Memadukan antara cita rasa yang enak dan estetika visual yang memanjakan mata, rumah makan ini lumayan menarik perhatian saya. Pertama kali melihatnya dari media sosial senior saya yang makan di sana bersama istri dan anaknya, saya langsung tertarik untuk mencoba.

Lokasinya yang tidak begitu jauh dari pusat keramaian Jogja juga menjadi salah satu alasan. Maklum, saya ini paling males kalau disuruh pergi jauh-jauh hanya untuk cari makan. Paling hobi makan burjo di dekat tempat tinggal, hehe.

Nah, basis makanan yang disajikan di Makan Minum Flying Noodle ini sendiri sebenarnya adalah chinese food yang selalu enak untuk dimakan. Ada banyak menu makanan yang bisa dinikmati di sini. Tapi yang paling utama adalah flying noodle itu sendiri. Mie yang bisa terbang. Nggak percaya? Lihat aja sendiri.

flying noodle
sumpitnya nggak ada yang megangin, tapi bisa di atas gitu, kan bikin penasaran jadinya.

Tapi yang menjadi nilai minus bagi saya di sini adalah harganya yang relatif mahal. Kurang lebih, untuk satu porsi kita harus merogoh kocek antara 15.000 sampai 20.000. Orang lain akan bilang itu murah, tapi saya kasih bocoran: harga segitu mahal untuk ukuran Jogja. Yakin deh. Percaya sama saya.

Hanya saja, sensasi dan pengalaman unik yang ada di warung makan ini menjadi sebuah nilai plus yang membuat saya cukup puas makan di sini. Meskipun, yah… saya cukup yakin untuk bilang bahwa saya tidak akan setiap hari makan di sini, hehe.

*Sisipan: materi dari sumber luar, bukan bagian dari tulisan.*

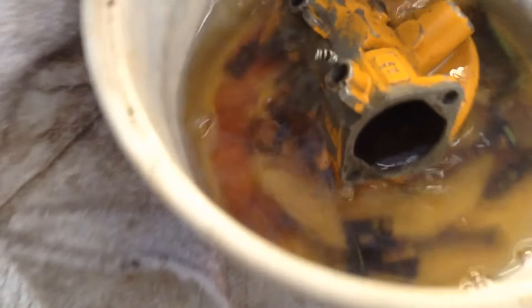The carburetor's still sitting under this — I had it soaking. You can see all the crap that came out of it, so it's been a good thing. I'm going to clean all that junk up and throw it together here one of these days.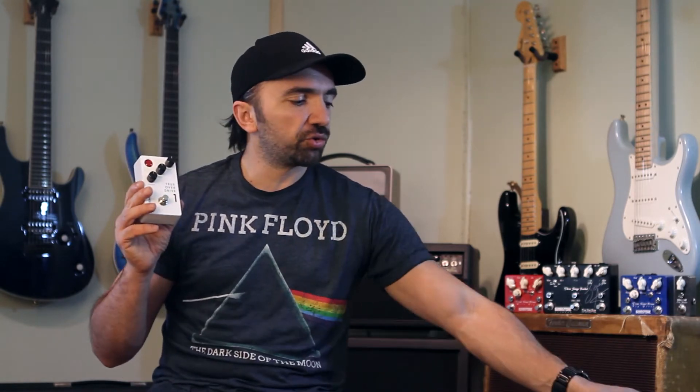What's up YouTube and guitar people, my name is Hovak and welcome to my channel. Today I'm going to demonstrate two new pedals from the company called Lunastone: the True Overdrive 1 and True Overdrive 2.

Maklum mantan anak kos, rasanya aneh kalau makan yang mahal-mahal. Angkringan dan burjo tetap jadi yang utama bagi saya, hehe.

Oke deh, saya coba perlihatkan kondisi di dalam warung yang menurut saya sangat nyeni ini kepada kawan-kawan semua. Yang jelas, saya harus bilang ini: coba makan di sini bro!

Warung Makan Minum Flying Noodle
Dindingnya dipenuhi lukisan mural yang memanjakan mata. Saya suka dinding yang warna-warni gini. Oh iya, abaikan poto mbak-mbaknya yang blur itu. Mereka curiga banget sama saya, dikira saya motoin mereka. Mentang-mentang jomblo ya gini.
Warung Makan Minum Flying Noodle Jogjakarta
Sayangnya atapnya pake galvalum, jadi kalau siang ya panasnya minta ampun. Bikin saya berharap ada mbak-mbak yang khilaf terus lepas baju saking panasnya.
Warung Makan Minum Flying Noodle Jogjakarta
Pemandangan dari pintu. Sambutan yang meriah, isn’t it?
Rahasia Flying Noodle Jogjakarta
Ini lho rahasia dibalik mie yang bisa terbang. Keajaiban wortel dan lobak. Sebenarnya pengen saya makan, tapi kayaknya mentah.